"K is for Keeler,
As fresh as green paint,
The fastest and mostest
To hit where they ain't."
That is one of the verses of Ogden Nash's 1949 poem: "Line-up for yesterday: An ABC of Baseball Immortals." Glenn Gostick, who was found dead in an apartment in Colorado yesterday, used be recite that stanza ... and the 25 others in Nash's poem by heart.
Gos was 83 and, I suspect, went out with a smile on his face. I hadn't seen him for many years but I am still a bit saddened by his passing. You see, Gos was one of last of a dying breed. He was an American original who did things his way.
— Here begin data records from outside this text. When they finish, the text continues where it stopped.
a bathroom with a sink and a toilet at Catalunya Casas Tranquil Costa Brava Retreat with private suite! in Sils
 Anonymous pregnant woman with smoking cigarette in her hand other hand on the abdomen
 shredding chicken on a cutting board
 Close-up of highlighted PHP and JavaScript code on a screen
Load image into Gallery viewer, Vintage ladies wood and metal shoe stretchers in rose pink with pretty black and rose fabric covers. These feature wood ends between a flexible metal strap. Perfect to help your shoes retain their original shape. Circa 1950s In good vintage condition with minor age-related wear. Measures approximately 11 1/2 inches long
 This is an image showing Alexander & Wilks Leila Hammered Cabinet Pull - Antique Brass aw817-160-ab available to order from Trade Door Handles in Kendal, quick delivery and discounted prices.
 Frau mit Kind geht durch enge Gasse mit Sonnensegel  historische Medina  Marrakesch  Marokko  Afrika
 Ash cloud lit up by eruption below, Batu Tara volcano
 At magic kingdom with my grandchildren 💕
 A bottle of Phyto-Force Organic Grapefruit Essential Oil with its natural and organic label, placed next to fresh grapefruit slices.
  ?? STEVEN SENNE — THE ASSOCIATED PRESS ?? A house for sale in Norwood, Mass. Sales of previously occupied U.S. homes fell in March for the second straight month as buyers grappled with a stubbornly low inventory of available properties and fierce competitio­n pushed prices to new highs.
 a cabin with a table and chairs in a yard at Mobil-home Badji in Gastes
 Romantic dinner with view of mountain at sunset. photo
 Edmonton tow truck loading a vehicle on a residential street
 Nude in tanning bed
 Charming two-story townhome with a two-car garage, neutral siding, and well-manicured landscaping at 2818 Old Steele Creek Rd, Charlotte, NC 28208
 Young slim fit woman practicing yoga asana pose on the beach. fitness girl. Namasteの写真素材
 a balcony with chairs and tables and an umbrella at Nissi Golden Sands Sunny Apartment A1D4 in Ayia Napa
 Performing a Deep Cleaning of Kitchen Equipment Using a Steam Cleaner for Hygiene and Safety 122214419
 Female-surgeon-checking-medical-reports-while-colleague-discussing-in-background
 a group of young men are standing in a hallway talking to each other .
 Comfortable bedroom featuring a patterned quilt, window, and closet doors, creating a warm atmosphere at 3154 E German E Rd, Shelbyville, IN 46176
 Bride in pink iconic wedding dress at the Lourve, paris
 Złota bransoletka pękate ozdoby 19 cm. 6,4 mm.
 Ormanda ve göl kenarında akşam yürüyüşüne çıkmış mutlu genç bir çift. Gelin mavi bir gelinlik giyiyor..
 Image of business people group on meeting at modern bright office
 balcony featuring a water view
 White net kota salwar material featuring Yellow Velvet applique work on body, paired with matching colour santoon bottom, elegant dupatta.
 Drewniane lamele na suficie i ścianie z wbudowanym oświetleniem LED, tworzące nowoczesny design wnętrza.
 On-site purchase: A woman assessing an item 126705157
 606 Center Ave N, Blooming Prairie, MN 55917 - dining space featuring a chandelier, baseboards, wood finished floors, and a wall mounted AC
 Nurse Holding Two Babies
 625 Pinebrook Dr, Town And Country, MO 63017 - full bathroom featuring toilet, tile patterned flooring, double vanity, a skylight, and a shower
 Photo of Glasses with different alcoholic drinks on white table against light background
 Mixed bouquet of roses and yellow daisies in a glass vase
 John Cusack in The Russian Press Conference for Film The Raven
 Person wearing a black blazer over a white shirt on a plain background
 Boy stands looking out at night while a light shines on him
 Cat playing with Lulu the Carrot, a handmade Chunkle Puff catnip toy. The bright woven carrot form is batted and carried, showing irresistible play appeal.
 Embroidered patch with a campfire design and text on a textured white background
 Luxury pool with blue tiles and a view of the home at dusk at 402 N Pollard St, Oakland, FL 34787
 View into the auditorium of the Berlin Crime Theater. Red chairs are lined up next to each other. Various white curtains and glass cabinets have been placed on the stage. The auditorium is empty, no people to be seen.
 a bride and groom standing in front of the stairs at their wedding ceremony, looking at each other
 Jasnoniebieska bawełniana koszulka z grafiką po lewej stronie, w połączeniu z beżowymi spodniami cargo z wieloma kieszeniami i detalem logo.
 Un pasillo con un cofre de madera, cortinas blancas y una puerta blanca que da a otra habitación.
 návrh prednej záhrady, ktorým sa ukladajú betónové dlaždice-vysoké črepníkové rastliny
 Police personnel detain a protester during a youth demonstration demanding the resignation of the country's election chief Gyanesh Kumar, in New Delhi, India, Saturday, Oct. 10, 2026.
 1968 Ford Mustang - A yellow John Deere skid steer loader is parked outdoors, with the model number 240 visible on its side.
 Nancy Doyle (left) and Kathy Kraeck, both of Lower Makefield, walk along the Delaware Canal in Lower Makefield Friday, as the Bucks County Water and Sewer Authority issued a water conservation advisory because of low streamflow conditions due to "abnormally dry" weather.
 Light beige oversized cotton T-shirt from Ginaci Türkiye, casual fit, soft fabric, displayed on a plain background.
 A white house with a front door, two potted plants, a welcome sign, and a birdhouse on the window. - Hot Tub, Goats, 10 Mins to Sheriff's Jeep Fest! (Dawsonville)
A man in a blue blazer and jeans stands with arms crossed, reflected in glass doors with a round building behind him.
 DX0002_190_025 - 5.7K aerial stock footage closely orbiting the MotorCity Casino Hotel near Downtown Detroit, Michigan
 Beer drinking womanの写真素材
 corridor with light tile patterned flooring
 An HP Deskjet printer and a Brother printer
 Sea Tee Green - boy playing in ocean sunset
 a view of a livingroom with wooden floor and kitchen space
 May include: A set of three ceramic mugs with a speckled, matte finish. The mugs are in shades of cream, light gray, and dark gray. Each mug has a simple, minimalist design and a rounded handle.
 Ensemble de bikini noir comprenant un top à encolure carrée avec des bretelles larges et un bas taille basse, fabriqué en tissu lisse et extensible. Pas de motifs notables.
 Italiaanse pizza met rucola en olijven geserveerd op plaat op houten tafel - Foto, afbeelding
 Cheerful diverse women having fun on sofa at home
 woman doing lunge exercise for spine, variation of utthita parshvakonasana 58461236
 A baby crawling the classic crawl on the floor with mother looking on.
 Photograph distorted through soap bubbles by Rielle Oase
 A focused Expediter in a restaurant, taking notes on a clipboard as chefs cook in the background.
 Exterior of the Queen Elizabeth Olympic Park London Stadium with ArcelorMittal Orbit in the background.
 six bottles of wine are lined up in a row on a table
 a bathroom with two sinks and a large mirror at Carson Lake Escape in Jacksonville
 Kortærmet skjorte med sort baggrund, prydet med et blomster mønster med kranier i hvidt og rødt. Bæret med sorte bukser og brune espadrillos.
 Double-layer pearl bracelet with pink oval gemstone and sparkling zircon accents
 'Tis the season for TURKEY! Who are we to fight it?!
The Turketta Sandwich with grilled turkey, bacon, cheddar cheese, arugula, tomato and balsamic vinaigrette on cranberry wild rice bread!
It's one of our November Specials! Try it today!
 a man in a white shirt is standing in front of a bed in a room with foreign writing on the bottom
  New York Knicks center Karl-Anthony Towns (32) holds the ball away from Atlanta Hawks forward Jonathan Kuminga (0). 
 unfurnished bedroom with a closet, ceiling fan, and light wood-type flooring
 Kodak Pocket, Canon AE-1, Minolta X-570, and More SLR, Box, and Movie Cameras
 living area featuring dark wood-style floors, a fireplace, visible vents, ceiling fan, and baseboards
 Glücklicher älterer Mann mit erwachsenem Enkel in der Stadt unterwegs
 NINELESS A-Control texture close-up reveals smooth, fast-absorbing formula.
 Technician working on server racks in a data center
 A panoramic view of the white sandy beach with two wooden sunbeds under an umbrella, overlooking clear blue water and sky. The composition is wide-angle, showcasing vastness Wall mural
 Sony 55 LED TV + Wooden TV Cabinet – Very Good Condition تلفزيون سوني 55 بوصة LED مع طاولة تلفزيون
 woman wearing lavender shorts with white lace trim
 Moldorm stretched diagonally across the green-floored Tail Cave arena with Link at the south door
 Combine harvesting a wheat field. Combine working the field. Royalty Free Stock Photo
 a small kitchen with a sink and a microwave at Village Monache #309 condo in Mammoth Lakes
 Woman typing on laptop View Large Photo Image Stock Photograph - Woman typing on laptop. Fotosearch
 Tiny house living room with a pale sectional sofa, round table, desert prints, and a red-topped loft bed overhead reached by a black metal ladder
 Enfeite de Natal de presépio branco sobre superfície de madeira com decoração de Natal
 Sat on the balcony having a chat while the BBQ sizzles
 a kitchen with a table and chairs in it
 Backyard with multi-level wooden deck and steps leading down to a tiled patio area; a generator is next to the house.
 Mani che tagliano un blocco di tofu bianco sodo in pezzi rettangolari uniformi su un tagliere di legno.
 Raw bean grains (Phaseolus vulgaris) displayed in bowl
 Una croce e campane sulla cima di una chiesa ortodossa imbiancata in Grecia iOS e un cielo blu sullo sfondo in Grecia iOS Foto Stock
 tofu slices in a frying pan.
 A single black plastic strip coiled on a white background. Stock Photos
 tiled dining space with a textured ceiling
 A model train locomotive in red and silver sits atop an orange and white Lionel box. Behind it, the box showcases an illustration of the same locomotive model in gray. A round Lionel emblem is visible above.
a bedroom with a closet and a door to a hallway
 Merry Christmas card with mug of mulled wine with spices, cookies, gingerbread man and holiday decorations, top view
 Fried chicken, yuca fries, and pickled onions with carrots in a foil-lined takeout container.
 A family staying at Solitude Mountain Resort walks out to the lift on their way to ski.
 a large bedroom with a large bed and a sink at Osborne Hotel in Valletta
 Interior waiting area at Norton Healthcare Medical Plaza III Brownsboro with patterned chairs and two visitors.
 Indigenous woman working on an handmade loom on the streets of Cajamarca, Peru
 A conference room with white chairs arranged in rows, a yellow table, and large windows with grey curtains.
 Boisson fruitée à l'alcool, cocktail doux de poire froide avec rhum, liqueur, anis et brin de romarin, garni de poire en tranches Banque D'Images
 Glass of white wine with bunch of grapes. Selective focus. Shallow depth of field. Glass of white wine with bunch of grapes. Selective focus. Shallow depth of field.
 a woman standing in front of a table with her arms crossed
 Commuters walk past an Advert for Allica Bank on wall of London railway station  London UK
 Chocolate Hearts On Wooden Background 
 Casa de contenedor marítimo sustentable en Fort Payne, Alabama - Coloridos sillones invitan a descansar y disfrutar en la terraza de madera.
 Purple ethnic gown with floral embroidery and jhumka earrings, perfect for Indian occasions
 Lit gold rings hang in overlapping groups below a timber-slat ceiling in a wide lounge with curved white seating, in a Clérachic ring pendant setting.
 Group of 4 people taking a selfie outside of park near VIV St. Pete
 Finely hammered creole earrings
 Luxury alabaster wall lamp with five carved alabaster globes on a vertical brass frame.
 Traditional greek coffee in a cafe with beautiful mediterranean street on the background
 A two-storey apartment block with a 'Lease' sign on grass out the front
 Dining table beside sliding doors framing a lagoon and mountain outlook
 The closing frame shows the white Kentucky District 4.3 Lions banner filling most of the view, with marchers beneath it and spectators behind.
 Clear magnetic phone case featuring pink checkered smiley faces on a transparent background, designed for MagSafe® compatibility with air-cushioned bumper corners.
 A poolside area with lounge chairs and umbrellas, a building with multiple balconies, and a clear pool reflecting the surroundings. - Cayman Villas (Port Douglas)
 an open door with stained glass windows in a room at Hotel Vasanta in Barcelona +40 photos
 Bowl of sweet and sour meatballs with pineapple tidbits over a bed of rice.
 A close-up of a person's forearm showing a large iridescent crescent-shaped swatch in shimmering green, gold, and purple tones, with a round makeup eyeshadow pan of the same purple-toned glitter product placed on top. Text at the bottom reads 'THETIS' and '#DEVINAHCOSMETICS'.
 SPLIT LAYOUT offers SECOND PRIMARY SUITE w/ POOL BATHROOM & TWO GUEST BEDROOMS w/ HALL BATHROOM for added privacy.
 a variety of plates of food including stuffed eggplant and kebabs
He had no phone at his house in Minneapolis. I am not sure he drove a car. Yet he was one of the most informed people I ever knew. He had one of the best baseball memories of anybody I ever knew. I had been told this was the case when I met him. I decided to give him a test.
"Arlo Brunsberg," I offered tentatively.
"One of the very few Minnesotans who made his debut in home state," Gostick replied with annoyance. "Lined out to shortstop off Mudcat Grant. Went 1-for-3 in his career."
I only knew this because Brunsberg's brief career was with the Tigers. Indeed, Brunsberg, who was born in Fertile, MN only appeared in one more big league game, getting a hit off Paul Lindblad in the bottom of the ninth inning in the last game of the 1966 season. Had I asked, I am quite sure Gos would have told me that fact, too.
I didn't know very well. But I was always charmed by him. He umpired baseball well into his 70s, running a brisk game in which he expected players to be respectful and hustle.
For a while. he served as an official scorer for Twins' games. But that didn't last long because Gos expected major leaguers to make major league plays. A half-assed effort on a ground ball earned you an error in Gos' book. The big leaguers didn't cotton to that much and Gos was soon back umpiring and poring over statistics.
Their loss, he figured. He was right on that one, too.
He was adamant in his view that most sacrifice bunts were a waste of an out, offering up a study a Yale professor did in the early 1960s as evidence. He had equally strong views on Hall of Famers. He definitely thought Don Drysdale, for example, was undeserving of the honor and rode in on his charming personality and the fact he followed Sandy Koufax to the mound for several years.
To Gos, it was always about the numbers. They told the stories of most baseball games.
He was a trainer for years, working with Dick Siebert and the U of M baseball team and later, the WHA Fighting Saints' hockey team. he took the job seriously, often leading the charges on runs himself. Gos did nothing at half-speed. He liked it that way and couldn't understand that others didn't. (Or at least he pretended he didn't understand.)
The bottom line was simple: here was a man who, in Sinatra's words, did it his way all the time. How many of us get to say that today?